# Names of Wood Pcs Shipped



## drycreek (Jul 26, 2012)

Maybe this is already covered some where but if so I've missed it.:dunno: Hey for someone like me it would be nice to have the names on pcs of wood that are sold, traded or just plain free. Maybe I'm asking for to much and if so please put me in my place. I can recognize a lot of different types but a lot also get by me and it would be nice to know what I'm looking at.


----------



## DKMD (Jul 26, 2012)

I agree... I prefer to know what I'm working with if possible. I don't need every piece labeled(I do it myself), but it's nice to know what to write on the blank. Some things are obvious, but there are others where I need some help. For the most part, the good folks around here have ID'd the things I've gotten which I greatly appreciate!


----------



## Billnewbie (Aug 6, 2012)

Those look great don't they. For my next pc I'm going to design and build one that lays flat with 3 fans and tons of hard drive room.


----------



## Mike1950 (Aug 6, 2012)

I think if you are paying for it and they know then yes. I also think it might be looking a gifthorse in the mouth asking some one who is trying to make a living but giving wood away to complain about not being labled. I think it would be alright to ask but no probably should be an acceptable answer. Just 2 cents worth............


----------



## The_Architect_23 (Aug 6, 2012)

Billnewbie said:


> Those look great don't they. For my next pc I'm going to design and build one that lays flat with 3 fans and tons of hard drive room.

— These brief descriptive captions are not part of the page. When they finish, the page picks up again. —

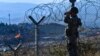 A Macedonian soldier patrols the border with Greece, near Gevgelija.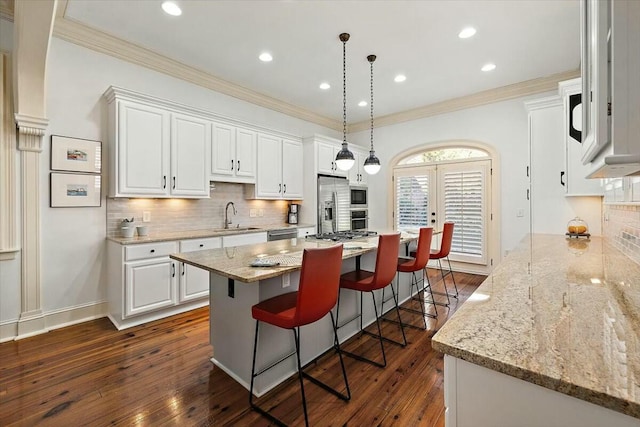 kitchen featuring hanging light fixtures, appliances with stainless steel finishes, a kitchen island, white cabinets, and backsplash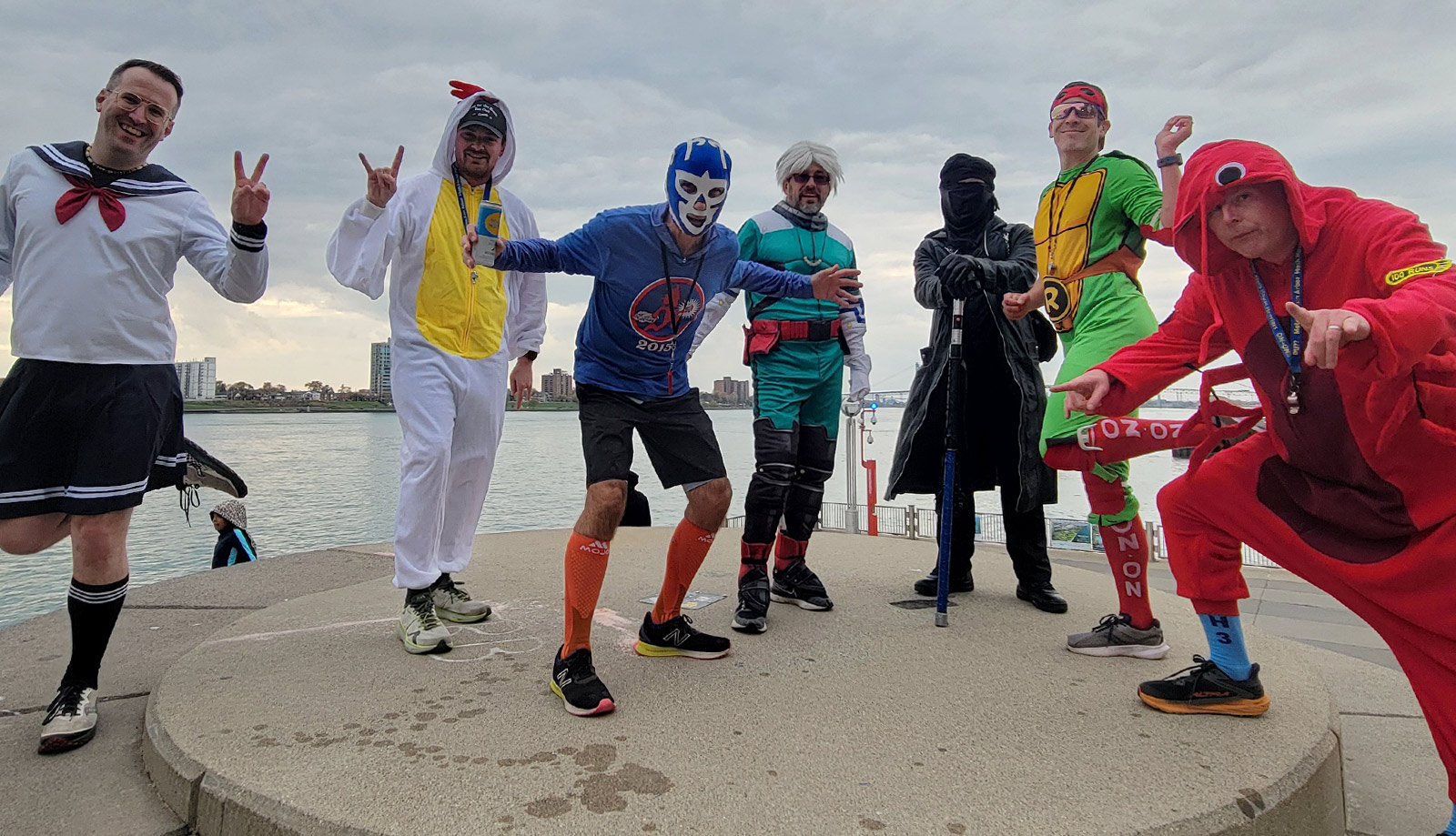 Members of a Detroit area social running club pausing for a quick drink and photo op in downtown Detroit while dressed in costumes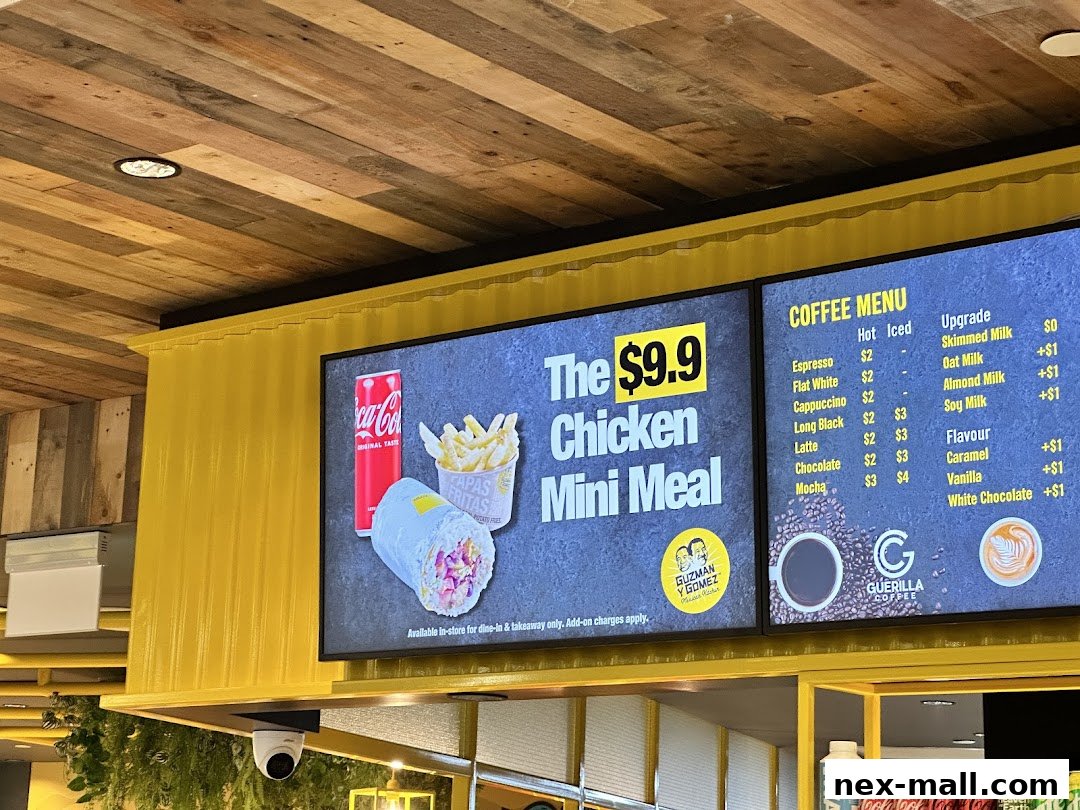 Digital menu boards display a $9.9 Chicken Mini Meal and a coffee menu.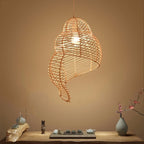 Beige open weave rattan pendant shaped like a conch seashell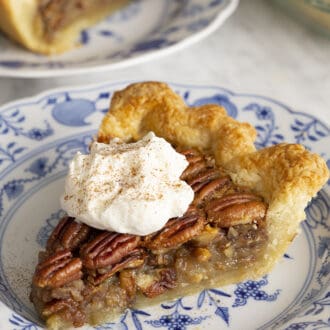 A piece of pecan pie topped with a dollop of whipped cream.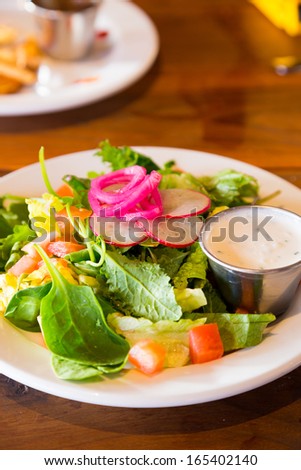 An image from a restaurant while dining out of a healthy salad that is low calorie and ready to eat.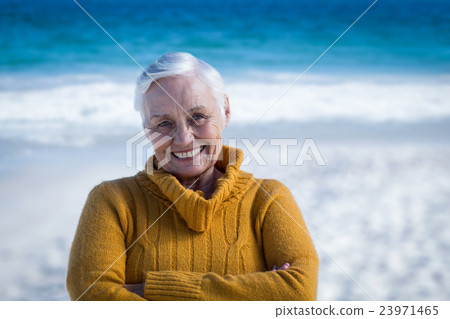 Senior woman posing with crossed arms Senior woman posing with crossed arms 23971465
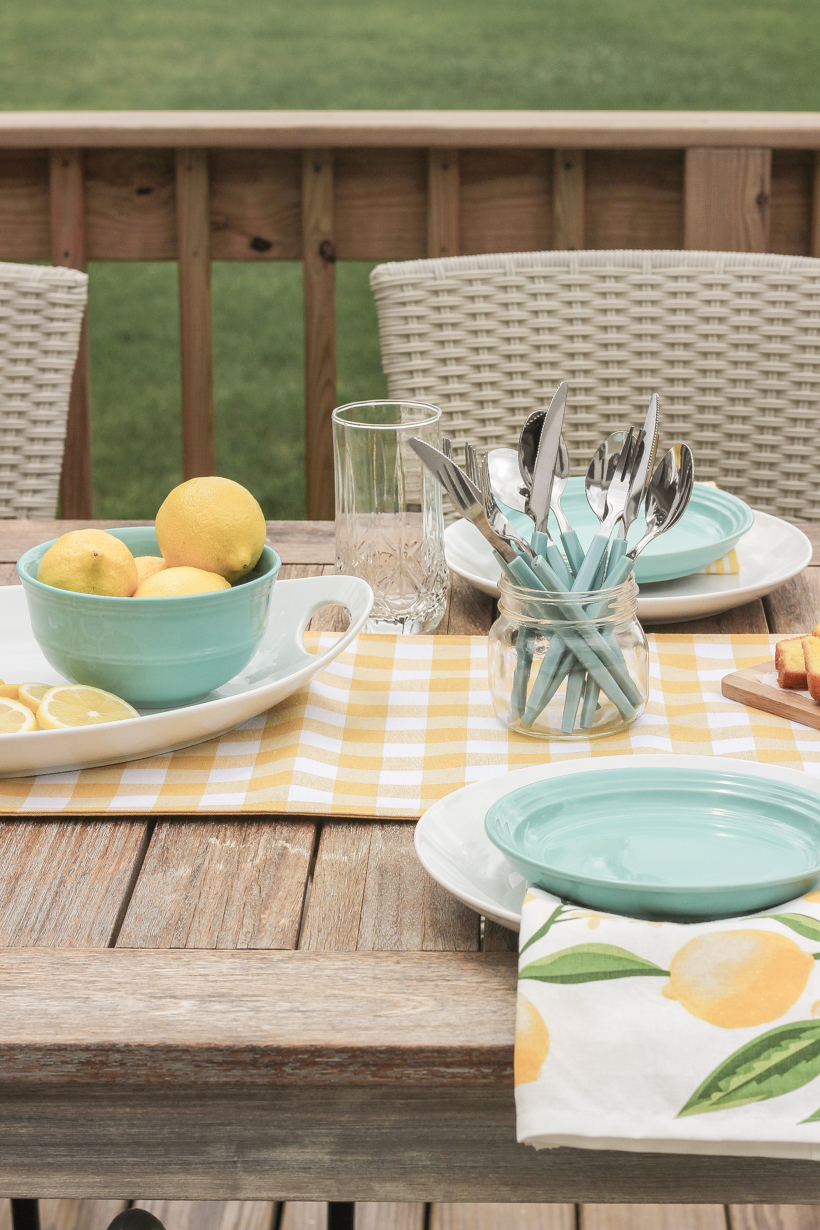 Designer and blogger Liz Fourez shows how to put together a simple, but charming lemon inspired table setting for summer.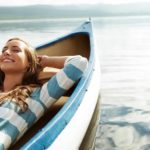 A woman lies back and relaxes in her boat with a big smile on her face as it floats on the rising tide.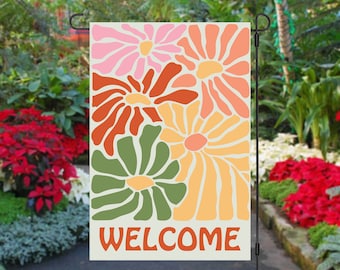 May include: A welcome garden flag with a cream background and a colorful abstract floral design. The flowers are in shades of pink, orange, red, and green. The word "WELCOME" is printed in red at the bottom of the flag.
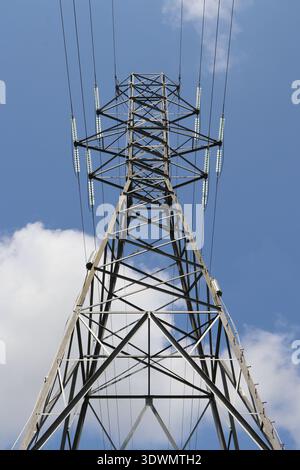 Electric transmission tower in front of cloudy sky Stock Photo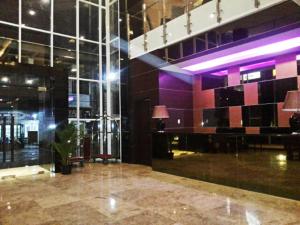 Serela Waringin by KAGUM Hotels في باندونغ: لوبي بطاولة وجدار زجاجي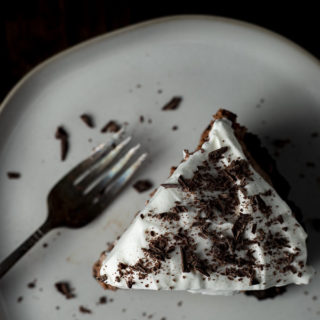 a piece of chocolate pie with whipped cream and shaved chocolate on a plate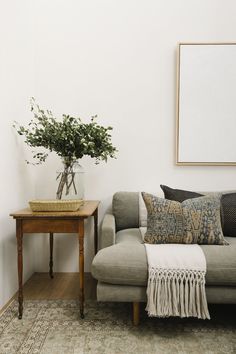 a living room with a couch, coffee table and plant on the side tables in front of it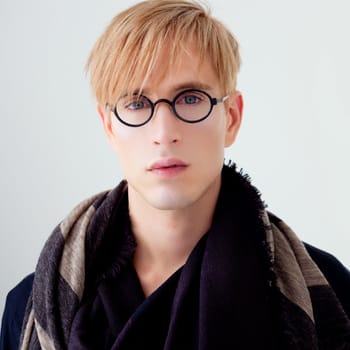 blond modern handsome student man with nerd glasses portrait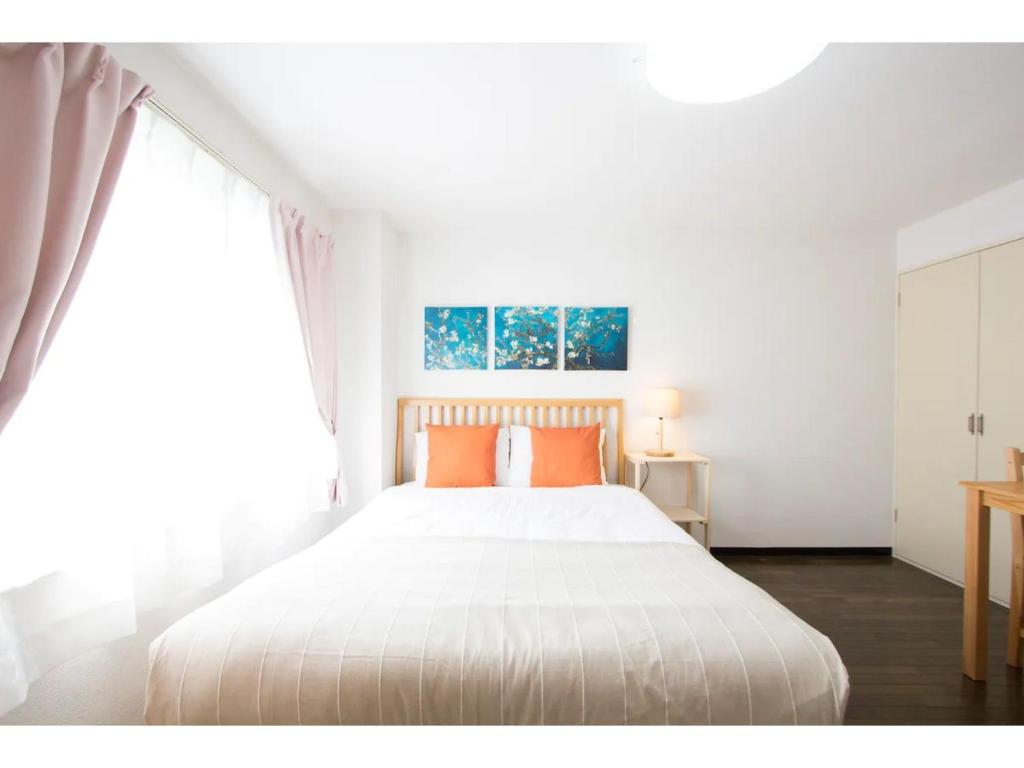 a white bedroom with a large bed with orange pillows at Haimu Shanzerize 7,12 - Vacation STAY 11296 in Sapporo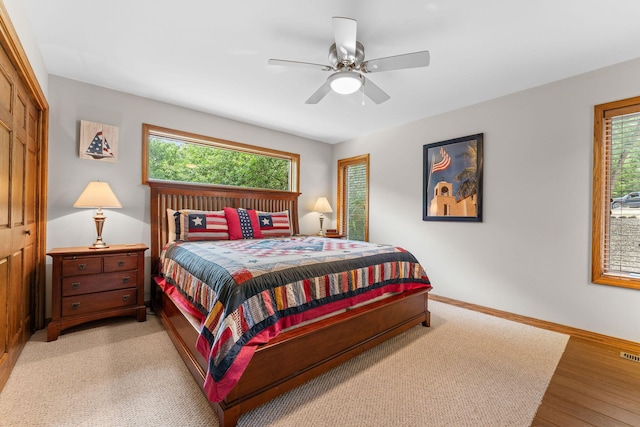 159 Oak Tree Point Ln, Shell Knob, MO 65747 - bedroom with baseboards, light wood finished floors, and ceiling fan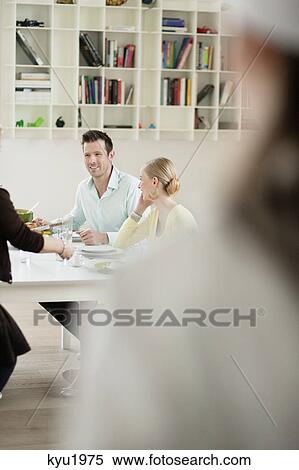 Stock Photography - Happy family at dining table. Fotosearch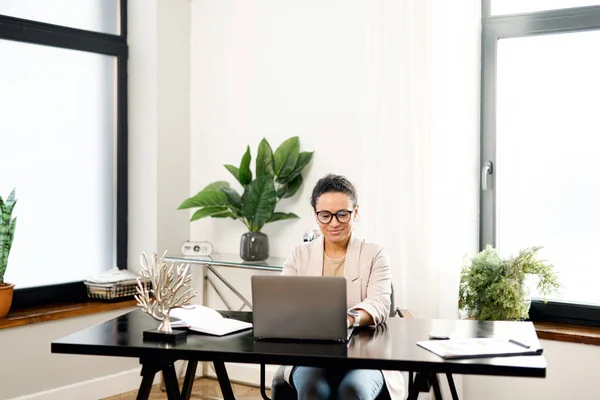 Сосредоточенная и уверенная в себе женщина в очках использует ноутбук для удаленной работы, сидя за столом в офисе. Концентрированная пожилая женщина печатает ответы на письма — стоковое фото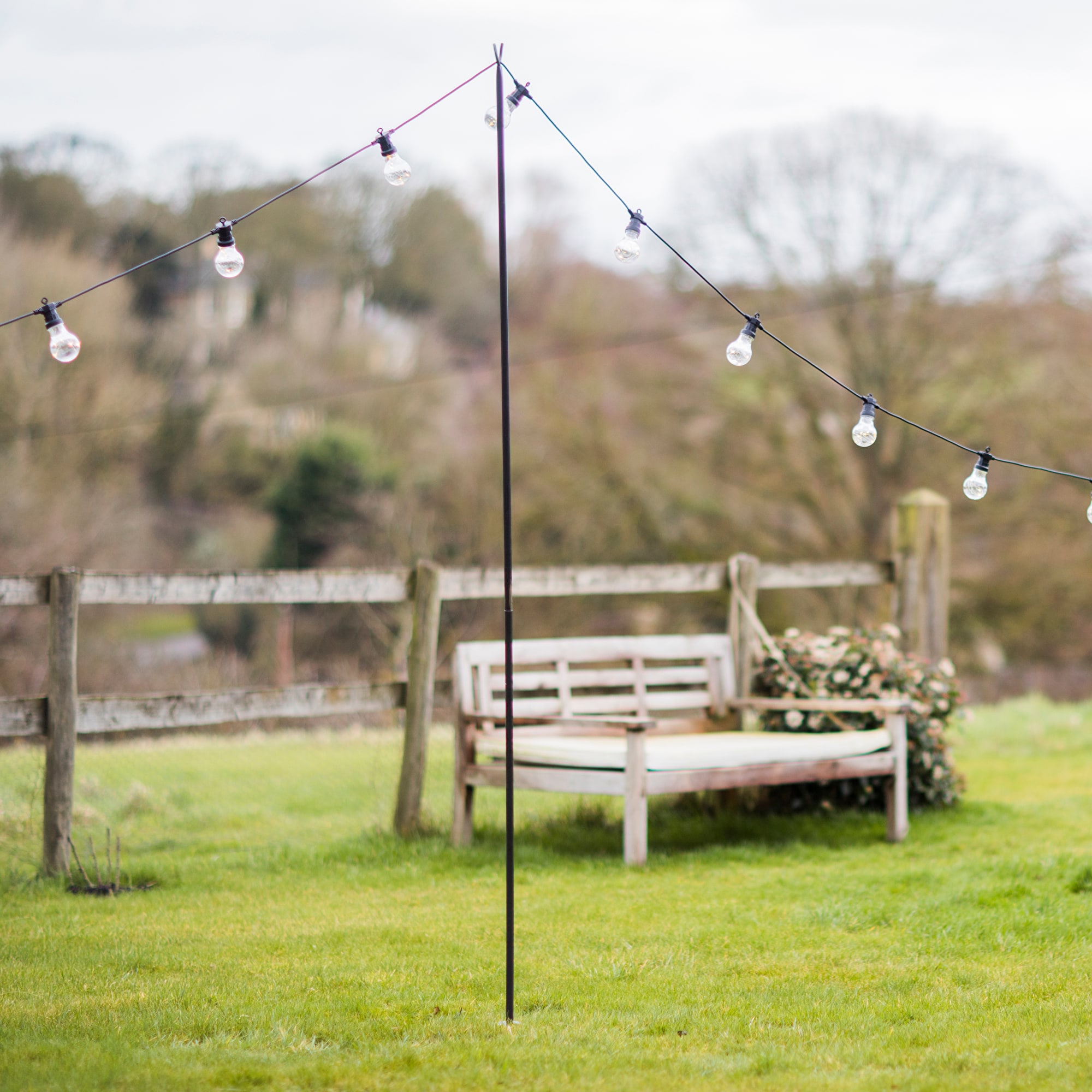 A metal pole from Trinidad Event Rentals holds up a string of outdoor lights on a grassy lawn, with a wooden bench and fence in the background. - Perched Event Rentals, Trinidad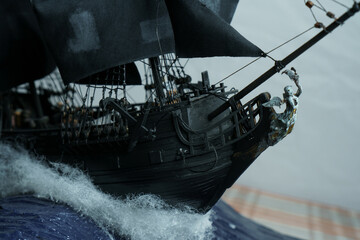 Pirate ship model Black pearl made of plywood, with miniature figures of pirate sailors, close-up...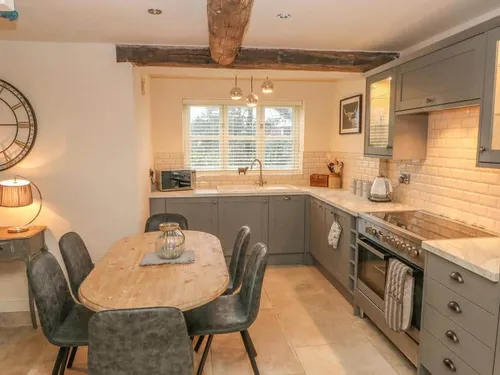 Kitchen with dining table and exposed ceiling beam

am i the only one that read this wrong?


----------



## bearmanric (Aug 7, 2012)

Names would be great. Rick


----------



## NCWoodArt (Aug 11, 2012)

I label when sending many different types, & I always ask for wood to be labeled as I always get sidetracked & forget to label or I move the box that had wrote on outside what is inside...

I have some wood that is still a mystery.

Bill


----------